International (Un) Law: 54 Countries collaborated with US extraordinary rendition program/ Washington Post
How do governments do business with each other? Of course they often share goals, and may benefit jointly from certain actions. But at the most basic level, they offer each other carrots and threaten each other with sticks.
Using some combination of these two strategies, the US government obtained the cooperation of 54 governments to conduct its admittedly illegal (in the US and in the majority, if not all of the cooperating countries) program of extrajudicial kidnapping, torture and withholding of due process. To cloak these actions in euphemism, the term “extraordinary rendition” was invented.
The nations form an odd collection, including countries at both the bottom and the top of Transparency International’s corruption index (report here). According to the Washington Post, discussing a report by the Open Society Justice Initiative, these nations include:
Afghanistan, Albania, Algeria, Australia, Austria, Azerbaijan, Belgium, Bosnia-Herzegovina, Canada, Croatia, Cyprus, the Czech Republic, Denmark, Djibouti, Egypt, Ethiopia, Finland, Gambia, Georgia, Germany, Greece, Hong Kong, Iceland, Indonesia, Iran, Ireland, Italy, Jordan, Kenya, Libya, Lithuania, Macedonia, Malawi, Malaysia, Mauritania, Morocco, Pakistan, Poland, Portugal, Romania, Saudi Arabia, Somalia, South Africa, Spain, Sri Lanka, Sweden, Syria, Thailand, Turkey, United Arab Emirates, United Kingdom, Uzbekistan, Yemen, and Zimbabwe
Governments colluded together to commit the most heinous crimes, repeatedly breaking national and international laws. The victims and acts numbered in the hundreds or thousands, over years. Systematically transgressing the law on this scale (and we are talking serious crimes: kidnap, rape, torture, murder, incarceration for years without trial) have made a mockery of our system of law.

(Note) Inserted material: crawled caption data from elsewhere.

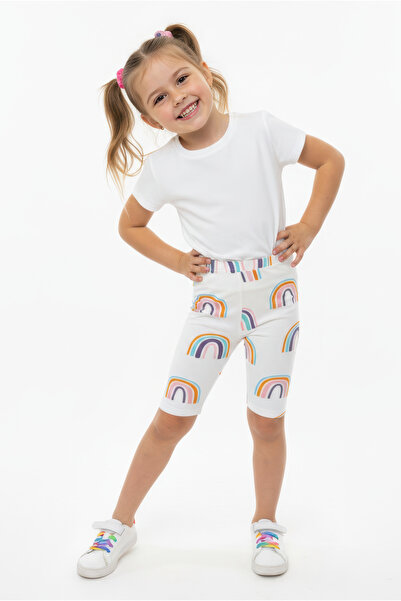 Kyron Girl's Rainbow Patterned Shorts / Cotton Fabric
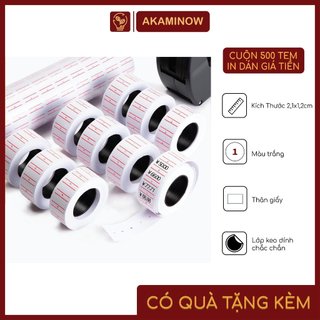 1 cuộn lẻ giấy in dán giá tiền - cuộn dày 500 tem dính/cuộn - cho máy bấm ghi giá tiền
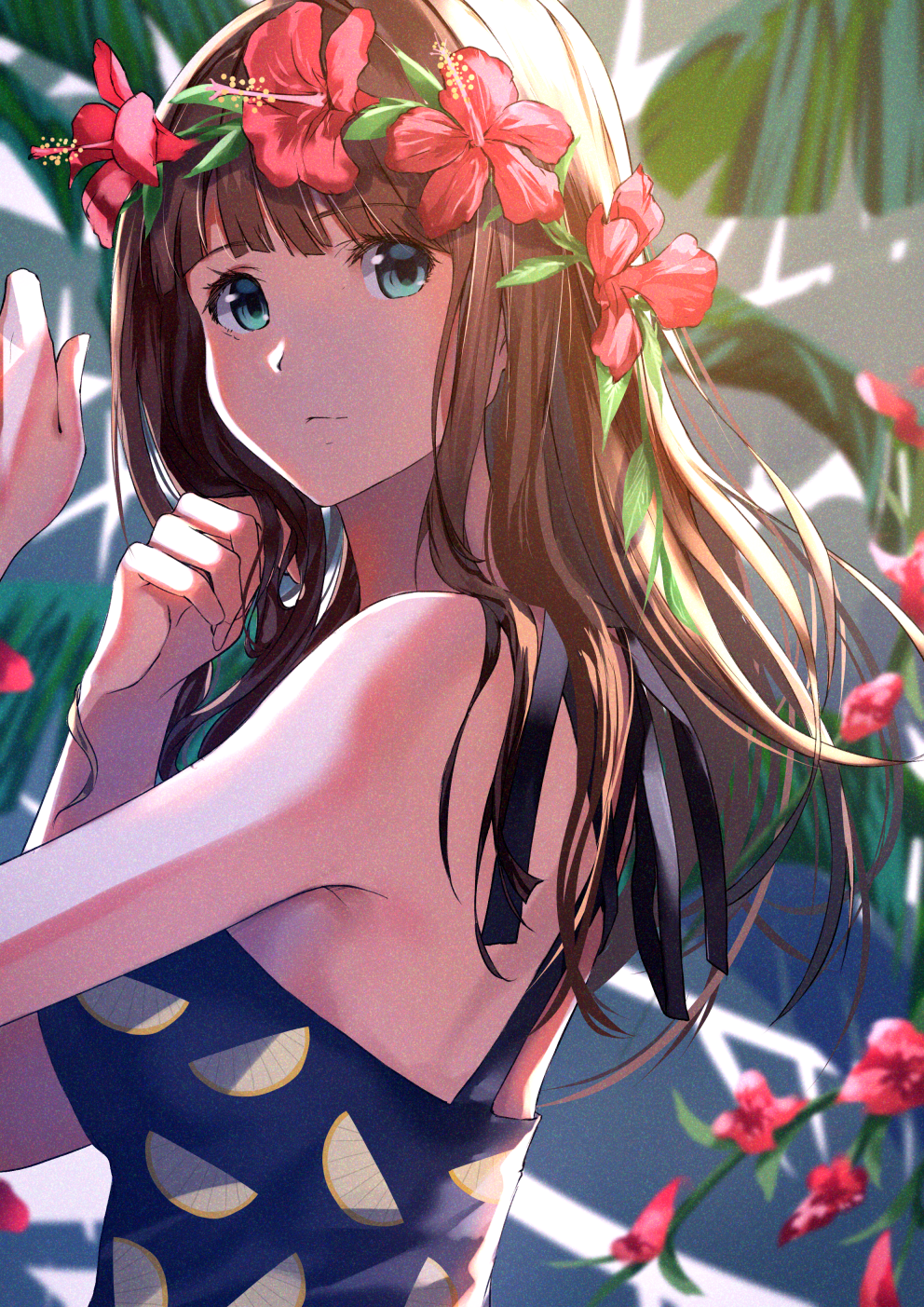 1girl armpit_peek arms_up bangs bare_arms blue_dress blue_eyes breasts brown_hair curled_fingers day dress expressionless eyebrows_visible_through_hair flower flower_wreath from_side fruit_pattern hibiscus highres long_hair looking_at_viewer medium_breasts original outdoors palm_leaf plant solo sone_(takahiro-osone) standing sundress upper_body vines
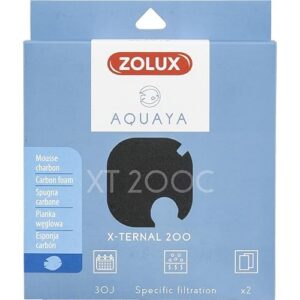 Zolux - Filtre pour Pompe x-ternal 200, Filtre XT 200 C Mousse Charbon x2. pour Aquarium. - ZO-330243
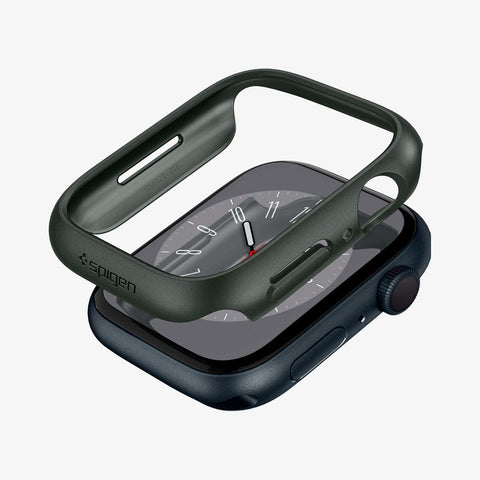 ACS04175 - Apple Watch Series (45mm) Case Thin Fit in military green showing the case hovering above the watch face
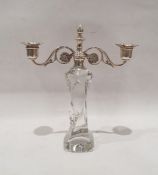 Aesthetic Movement two-branch candelabrum with scrolling silver branches, on a glass spirally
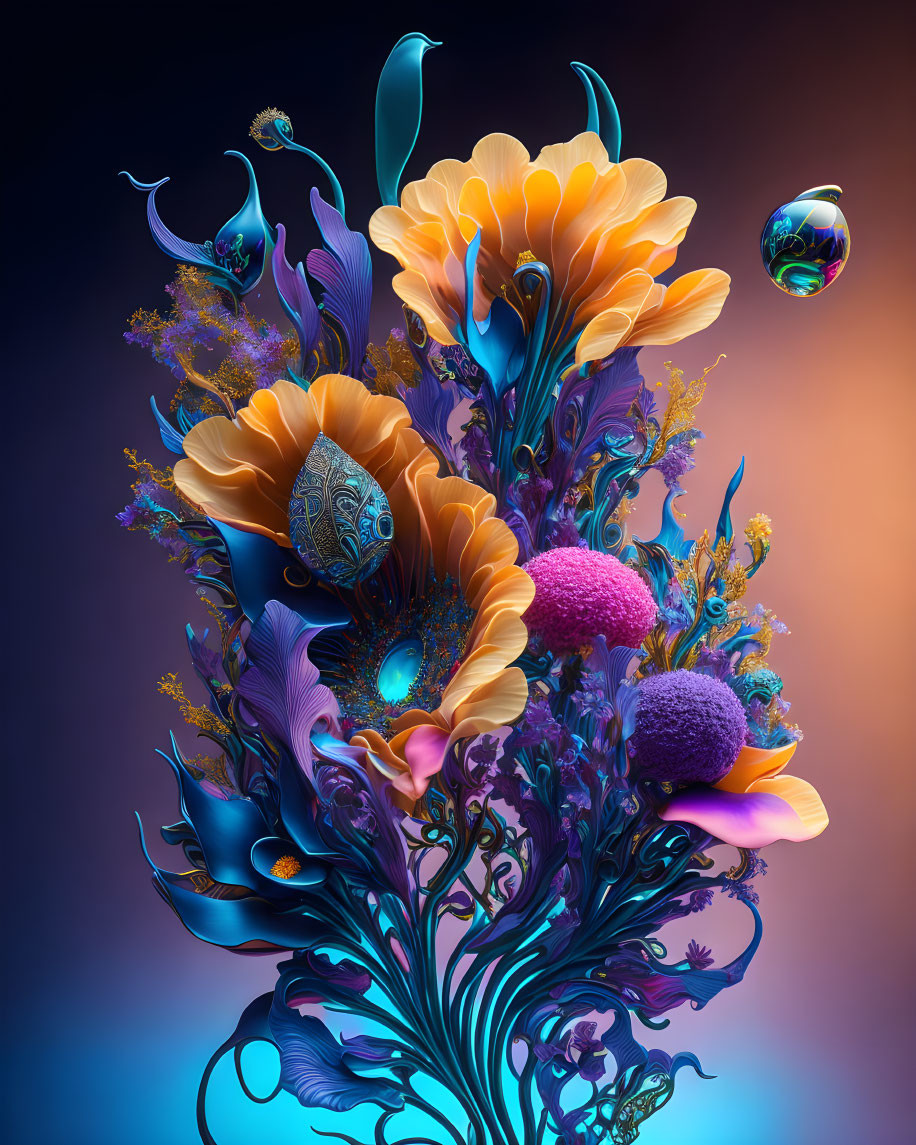 Colorful digital artwork: Vibrant bouquet of iridescent flowers in orange and blue with intricate patterns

Think of recent, well-known cases of men, like Ariel Castro in Cleveland, who kidnapped, imprisoned and raped women during many years, and how the public felt about those men. Now consider that our government committed those identical crimes, in our name, with our tax dollars, around the world. And it was aided and abetted by 54 other governments in these crimes.